§ **WHAT YOU WILL DO**:
All lines from the one containing "Image of NEW" to the end of the data below are to be returned exactly, both ends included, with nothing added.
>>>
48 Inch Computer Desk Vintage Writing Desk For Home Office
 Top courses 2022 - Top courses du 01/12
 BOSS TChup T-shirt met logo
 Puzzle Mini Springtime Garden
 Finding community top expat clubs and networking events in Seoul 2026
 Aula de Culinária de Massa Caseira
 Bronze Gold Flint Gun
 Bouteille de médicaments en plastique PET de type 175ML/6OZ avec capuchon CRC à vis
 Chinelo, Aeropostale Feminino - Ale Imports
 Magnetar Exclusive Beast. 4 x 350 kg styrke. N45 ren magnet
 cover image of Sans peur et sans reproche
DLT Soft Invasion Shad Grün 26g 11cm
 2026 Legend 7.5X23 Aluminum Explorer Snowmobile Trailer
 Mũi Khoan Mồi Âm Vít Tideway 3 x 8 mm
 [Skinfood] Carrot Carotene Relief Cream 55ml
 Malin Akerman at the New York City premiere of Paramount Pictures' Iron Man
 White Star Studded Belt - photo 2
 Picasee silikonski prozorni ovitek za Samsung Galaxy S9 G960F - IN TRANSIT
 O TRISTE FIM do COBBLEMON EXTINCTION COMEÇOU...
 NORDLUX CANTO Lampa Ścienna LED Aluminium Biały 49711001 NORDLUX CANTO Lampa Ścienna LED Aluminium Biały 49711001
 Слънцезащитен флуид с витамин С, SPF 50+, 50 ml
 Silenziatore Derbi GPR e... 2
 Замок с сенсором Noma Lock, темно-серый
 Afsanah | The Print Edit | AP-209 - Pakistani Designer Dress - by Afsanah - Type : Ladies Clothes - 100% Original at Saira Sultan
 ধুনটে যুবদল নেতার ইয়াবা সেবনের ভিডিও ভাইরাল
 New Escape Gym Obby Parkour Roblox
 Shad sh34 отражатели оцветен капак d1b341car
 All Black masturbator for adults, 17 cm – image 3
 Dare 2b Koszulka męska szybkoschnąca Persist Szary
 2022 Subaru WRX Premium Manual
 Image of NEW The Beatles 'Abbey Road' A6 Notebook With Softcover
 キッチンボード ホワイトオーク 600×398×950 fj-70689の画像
<<<
§ **EXERCISE RESULT**:
 Image of NEW The Beatles 'Abbey Road' A6 Notebook With Softcover
 キッチンボード ホワイトオーク 600×398×950 fj-70689の画像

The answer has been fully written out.